> PROBLEM DETAILS
Out of the material that follows, write out exactly the lines from the line with "Step 1: Access" to the line with "In this video, I", both ends included, and no others.

> INPUT DATA
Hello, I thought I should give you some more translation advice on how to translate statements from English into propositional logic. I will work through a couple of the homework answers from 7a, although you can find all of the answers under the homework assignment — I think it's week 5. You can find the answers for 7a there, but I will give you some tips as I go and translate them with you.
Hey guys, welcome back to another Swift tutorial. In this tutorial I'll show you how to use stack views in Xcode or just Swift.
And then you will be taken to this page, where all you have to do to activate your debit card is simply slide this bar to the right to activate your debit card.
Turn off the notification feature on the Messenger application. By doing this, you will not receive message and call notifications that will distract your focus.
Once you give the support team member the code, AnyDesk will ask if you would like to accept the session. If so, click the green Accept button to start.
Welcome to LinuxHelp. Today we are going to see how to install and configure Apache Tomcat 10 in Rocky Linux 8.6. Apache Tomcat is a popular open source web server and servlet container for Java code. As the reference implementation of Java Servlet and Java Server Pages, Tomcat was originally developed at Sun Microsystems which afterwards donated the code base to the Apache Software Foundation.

---

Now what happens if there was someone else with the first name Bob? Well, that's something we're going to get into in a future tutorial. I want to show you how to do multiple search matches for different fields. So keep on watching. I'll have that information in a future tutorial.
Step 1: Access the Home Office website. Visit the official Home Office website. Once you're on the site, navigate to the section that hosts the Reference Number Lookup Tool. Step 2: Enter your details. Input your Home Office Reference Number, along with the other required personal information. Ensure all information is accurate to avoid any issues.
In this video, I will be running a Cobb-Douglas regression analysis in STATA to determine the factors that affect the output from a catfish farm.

> EXERCISE ANSWER
Step 1: Access the Home Office website. Visit the official Home Office website. Once you're on the site, navigate to the section that hosts the Reference Number Lookup Tool. Step 2: Enter your details. Input your Home Office Reference Number, along with the other required personal information. Ensure all information is accurate to avoid any issues.
In this video, I will be running a Cobb-Douglas regression analysis in STATA to determine the factors that affect the output from a catfish farm.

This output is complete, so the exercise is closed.